Tuesday, November 4, 2014

Bore Thyself

"Go lie down and read," I ordered my niece, so I could put the baby to bed. 

"I don't want to read," she pouted. 

"So play." I jerked my head at her corner shrine of Littlest Pet Shop critters. 

"I don't want to play," she sulked. 

"So be bored," I commanded. 

She had no answer to this. 

I swept out of the room, doomed infant on my hip. 

It was in a 60 Minutes interview with Malcolm Gladwell that I learned this scrumptious detail from his mother, Joyce, a psychotherapist. Gladwell said, "I thought I had a fabulous childhood . . . when I would sometimes get bored and my mother would say, 'It's important to be bored. You're giving your brain a rest.'" 

It is not the end of the world to be bored. If anything, we should be bored more often. Children (and adults) do not have to be entertained every single solitary second of their waking lives. 
Gaston could have applied himself to more intellectual fare. 

What I find amazing about boredom is how it is considered wasteful, yet it is often the root of enlightenment. Supposedly Newton had his epiphany while spacing out under a tree, Archimedes while wallowing in his bath. It is in those unstimulated moments that brilliance is born. 

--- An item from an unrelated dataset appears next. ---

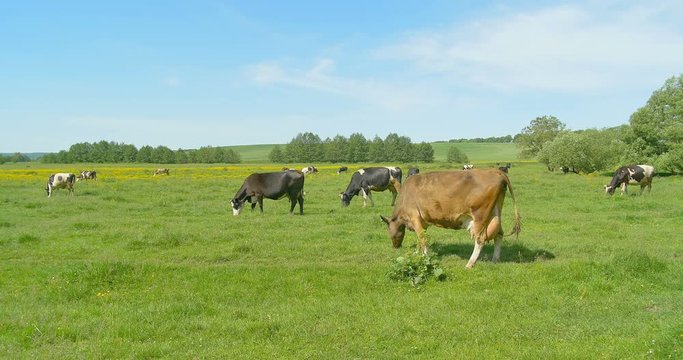 Cows grazing on a green meadow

But boredom is still feared and vilified. Weekly, the Sunday Book Review places a question to two writers, and one week was "What Are the Last Literary Taboos?" According to James Parker, it is boredom. An author must never, ever bore his audience. He would be lynched. 
So there we have it. In the forest clearing, the totems are all tipped over. Obscenity, Blasphemy, Profanity, those huge archaic figures — impious hands have pulled them down, and their faces stare out sideways in baffled fury. All with their mystery drained, their ancient powers canceled. All but one, that is. A gray shape, sitting on an upturned popcorn bucket, with a finger up his nose. He looks like somebody waiting for a piano tuner to arrive, to tune a piano he doesn’t own. He is Boringness, last of the taboos, and the villagers won’t touch him.
After tucking the stunned and horrified baby in his crib, I returned to my niece, who was sitting in her bed furrowed of brow, but unscathed. 

I hope she had some edifying thoughts.